George-Marios Angeletos, MIT and NBER, and Jennifer La’O, MIT
Noisy Business Cycles

Angeletos and La’O investigate a real-business-cycle economy that features dispersed information about aggregate shocks to productivity, tastes, and monopoly power (the “fundamentals”). First, they highlight why dispersed information is distinct from uncertainty about the fundamentals: only with dispersed information can agents face uncertainty about the level of economic activity, beyond what they face about the fundamentals. Next the researchers show how this type of uncertainty can: contribute to significant noise in the business cycle, even when agents are well informed about the fundamentals; increase inertia in the response of macroeconomic outcomes to aggregate productivity shocks; induce a negative short-run response of employment to aggregate productivity; formalize a certain type of demand shocks within an RBC economy; and generate cyclical variation in observed Solow residuals and labor wedges. Turning to the normative properties, the authors show that none of the aforementioned properties are symptoms of inefficiency: if there are no mark-up shocks and information is fixed, then the business cycle is constrained efficient.

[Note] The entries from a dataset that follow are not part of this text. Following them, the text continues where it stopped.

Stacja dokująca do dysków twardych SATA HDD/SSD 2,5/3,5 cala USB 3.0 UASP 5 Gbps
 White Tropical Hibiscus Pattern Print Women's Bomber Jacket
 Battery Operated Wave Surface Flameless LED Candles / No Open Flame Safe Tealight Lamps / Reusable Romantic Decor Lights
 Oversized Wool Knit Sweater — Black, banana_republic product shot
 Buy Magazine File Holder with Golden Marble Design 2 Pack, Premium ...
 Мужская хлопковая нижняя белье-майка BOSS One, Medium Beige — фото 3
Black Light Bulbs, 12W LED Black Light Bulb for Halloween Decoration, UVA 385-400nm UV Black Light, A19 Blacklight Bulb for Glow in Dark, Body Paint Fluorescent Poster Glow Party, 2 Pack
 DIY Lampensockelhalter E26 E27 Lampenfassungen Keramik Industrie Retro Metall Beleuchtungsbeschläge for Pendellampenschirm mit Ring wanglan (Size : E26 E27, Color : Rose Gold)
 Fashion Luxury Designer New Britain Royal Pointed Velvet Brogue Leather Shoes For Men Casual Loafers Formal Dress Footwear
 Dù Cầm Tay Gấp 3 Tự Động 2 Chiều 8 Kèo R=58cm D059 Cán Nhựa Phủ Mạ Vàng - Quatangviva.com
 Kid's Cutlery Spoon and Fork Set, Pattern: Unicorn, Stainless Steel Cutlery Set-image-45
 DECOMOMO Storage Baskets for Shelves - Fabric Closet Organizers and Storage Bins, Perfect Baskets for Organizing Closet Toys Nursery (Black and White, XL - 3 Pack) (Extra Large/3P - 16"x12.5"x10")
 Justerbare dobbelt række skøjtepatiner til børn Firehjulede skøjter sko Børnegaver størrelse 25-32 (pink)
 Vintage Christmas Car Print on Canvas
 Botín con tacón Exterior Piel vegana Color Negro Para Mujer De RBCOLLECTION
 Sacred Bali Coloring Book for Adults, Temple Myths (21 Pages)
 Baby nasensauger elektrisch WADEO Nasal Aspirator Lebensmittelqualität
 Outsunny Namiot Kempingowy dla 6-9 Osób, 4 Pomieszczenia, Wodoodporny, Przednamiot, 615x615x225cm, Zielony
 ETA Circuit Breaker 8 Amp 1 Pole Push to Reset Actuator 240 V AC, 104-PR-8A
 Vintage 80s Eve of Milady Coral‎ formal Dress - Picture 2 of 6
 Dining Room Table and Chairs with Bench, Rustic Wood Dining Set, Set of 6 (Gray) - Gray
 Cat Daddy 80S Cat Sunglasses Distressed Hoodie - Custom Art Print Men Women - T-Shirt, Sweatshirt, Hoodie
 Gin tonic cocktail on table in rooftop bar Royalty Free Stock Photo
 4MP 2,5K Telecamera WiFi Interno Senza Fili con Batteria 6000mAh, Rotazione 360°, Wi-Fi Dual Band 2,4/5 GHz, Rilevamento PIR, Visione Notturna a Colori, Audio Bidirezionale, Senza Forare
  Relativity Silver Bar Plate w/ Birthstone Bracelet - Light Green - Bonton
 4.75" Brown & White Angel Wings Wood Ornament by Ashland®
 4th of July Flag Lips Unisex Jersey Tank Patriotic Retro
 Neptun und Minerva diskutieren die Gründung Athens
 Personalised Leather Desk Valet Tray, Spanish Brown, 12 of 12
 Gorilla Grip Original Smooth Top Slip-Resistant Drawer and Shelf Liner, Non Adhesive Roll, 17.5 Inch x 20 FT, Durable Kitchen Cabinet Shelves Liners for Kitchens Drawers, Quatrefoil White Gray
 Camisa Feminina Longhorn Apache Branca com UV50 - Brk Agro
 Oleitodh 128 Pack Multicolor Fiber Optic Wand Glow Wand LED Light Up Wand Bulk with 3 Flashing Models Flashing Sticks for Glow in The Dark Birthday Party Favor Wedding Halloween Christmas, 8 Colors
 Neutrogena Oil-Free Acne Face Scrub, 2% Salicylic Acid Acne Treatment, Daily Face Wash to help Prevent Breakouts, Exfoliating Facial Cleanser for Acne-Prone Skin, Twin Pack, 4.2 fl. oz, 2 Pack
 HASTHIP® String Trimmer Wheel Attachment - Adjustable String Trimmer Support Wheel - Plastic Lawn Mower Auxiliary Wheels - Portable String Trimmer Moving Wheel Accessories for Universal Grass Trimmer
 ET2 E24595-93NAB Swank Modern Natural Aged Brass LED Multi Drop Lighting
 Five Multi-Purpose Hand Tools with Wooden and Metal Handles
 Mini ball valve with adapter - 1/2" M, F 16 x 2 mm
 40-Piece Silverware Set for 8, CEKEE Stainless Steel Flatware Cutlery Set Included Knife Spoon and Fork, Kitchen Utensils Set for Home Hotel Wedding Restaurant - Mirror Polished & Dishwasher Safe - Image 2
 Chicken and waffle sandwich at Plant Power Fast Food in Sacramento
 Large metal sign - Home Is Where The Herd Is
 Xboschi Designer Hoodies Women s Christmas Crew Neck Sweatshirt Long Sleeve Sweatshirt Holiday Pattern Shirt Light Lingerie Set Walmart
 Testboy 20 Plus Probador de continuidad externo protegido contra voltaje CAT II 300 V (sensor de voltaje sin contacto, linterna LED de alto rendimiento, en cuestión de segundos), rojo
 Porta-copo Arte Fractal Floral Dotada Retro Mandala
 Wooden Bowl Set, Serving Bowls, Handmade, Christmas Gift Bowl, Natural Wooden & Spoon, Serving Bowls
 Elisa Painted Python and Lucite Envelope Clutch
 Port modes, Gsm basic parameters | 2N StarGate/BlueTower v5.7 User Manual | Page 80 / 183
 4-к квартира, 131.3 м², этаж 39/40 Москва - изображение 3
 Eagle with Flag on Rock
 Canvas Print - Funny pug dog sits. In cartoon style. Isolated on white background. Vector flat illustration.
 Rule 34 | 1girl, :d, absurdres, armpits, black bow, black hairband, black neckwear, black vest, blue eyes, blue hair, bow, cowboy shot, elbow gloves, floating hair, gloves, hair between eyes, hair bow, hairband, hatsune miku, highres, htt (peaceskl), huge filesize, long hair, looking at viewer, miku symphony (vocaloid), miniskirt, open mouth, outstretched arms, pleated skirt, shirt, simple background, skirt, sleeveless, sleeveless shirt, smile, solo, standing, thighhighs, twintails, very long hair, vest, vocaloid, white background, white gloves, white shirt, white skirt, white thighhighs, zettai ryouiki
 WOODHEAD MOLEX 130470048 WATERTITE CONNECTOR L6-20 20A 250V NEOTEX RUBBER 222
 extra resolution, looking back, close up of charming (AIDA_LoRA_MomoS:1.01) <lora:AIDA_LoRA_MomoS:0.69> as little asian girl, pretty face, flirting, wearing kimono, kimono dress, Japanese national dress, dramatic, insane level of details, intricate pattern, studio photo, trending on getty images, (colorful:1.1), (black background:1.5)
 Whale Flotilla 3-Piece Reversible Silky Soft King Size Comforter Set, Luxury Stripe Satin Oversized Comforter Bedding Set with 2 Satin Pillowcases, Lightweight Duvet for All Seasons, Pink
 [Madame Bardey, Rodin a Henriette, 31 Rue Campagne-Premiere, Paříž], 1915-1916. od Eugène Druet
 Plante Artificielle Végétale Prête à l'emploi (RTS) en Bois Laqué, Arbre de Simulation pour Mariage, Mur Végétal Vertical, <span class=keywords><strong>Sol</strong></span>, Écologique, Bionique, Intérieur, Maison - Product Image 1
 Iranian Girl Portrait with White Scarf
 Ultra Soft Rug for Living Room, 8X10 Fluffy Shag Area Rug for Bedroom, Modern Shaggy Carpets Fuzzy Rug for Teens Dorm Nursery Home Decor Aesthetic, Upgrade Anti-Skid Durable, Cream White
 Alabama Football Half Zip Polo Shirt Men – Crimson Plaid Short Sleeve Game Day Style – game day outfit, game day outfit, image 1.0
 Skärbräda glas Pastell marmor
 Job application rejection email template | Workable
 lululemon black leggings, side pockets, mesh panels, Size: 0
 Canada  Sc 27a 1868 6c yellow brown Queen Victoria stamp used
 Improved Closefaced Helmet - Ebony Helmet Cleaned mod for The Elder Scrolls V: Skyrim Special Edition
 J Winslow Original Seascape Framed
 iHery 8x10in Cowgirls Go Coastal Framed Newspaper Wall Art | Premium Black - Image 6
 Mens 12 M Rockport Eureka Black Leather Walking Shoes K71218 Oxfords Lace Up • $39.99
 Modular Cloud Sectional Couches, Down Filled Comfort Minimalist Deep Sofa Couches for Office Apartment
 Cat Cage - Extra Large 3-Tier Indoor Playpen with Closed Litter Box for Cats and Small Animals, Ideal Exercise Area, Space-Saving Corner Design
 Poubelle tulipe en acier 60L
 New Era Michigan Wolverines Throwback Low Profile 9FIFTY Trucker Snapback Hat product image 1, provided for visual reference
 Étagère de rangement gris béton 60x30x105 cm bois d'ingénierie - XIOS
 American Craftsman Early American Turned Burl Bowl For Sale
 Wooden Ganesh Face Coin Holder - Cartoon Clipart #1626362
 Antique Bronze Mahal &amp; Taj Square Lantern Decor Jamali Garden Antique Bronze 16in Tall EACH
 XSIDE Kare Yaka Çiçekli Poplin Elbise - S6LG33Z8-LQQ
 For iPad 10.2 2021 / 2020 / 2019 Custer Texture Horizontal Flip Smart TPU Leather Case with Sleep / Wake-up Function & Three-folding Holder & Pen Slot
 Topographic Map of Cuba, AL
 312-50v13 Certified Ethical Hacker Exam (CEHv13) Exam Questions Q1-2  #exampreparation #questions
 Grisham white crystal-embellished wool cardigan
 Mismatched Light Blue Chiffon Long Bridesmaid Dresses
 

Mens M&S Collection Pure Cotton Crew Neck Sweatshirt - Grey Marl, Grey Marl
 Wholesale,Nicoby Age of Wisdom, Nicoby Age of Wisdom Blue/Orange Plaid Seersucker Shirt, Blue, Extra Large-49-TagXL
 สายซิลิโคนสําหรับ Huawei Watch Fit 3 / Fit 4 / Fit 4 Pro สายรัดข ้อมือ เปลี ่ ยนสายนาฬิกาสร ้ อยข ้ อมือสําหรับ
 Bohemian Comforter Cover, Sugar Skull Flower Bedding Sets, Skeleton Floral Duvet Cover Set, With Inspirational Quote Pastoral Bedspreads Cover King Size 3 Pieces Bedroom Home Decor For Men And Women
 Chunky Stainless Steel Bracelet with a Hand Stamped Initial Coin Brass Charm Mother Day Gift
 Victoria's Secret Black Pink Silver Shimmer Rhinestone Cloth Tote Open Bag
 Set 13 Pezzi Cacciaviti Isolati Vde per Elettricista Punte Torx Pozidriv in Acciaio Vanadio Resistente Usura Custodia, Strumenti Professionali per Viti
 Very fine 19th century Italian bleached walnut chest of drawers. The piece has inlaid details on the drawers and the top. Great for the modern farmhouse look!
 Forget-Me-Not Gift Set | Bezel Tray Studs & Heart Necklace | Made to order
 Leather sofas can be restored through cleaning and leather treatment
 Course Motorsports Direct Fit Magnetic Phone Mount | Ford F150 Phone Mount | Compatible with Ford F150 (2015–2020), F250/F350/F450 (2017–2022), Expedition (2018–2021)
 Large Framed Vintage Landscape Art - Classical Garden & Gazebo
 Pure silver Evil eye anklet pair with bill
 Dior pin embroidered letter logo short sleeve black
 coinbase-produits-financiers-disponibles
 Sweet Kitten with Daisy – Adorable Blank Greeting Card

Paul Beaudry, University of British Columbia and NBER, and Bernd Lucke, University of Hamburg
Letting Different Views about Business Cycles Complete (appendix)

There are several possible explanations for macroeconomic fluctuations. Two of the most commonly discussed are surprise changes in disembodied technology and monetary innovations. Another popular explanation is found under the heading of a preference, or more generally a demand shock. More recently, two other explanations have been advocated: surprise changes in investment-specific technology and news about future technology growth. Beaudry and Lucke quantitatively assess the relative merits of all these explanations by adopting a framework that allows them to compete. In particular, the researchers propose a co-integrated SVAR approach that encompasses all 5 shocks and thus offers a coherent evaluation of the dynamics they induce, as well as their contribution to macroeconomic volatility. The main finding here is that surprise changes in technology, whether disembodied or embodied in nature, account for very little of fluctuations. Instead, expected changes in technology appear to be an important force, with preference/demand shocks and monetary shocks also playing non-negligible roles.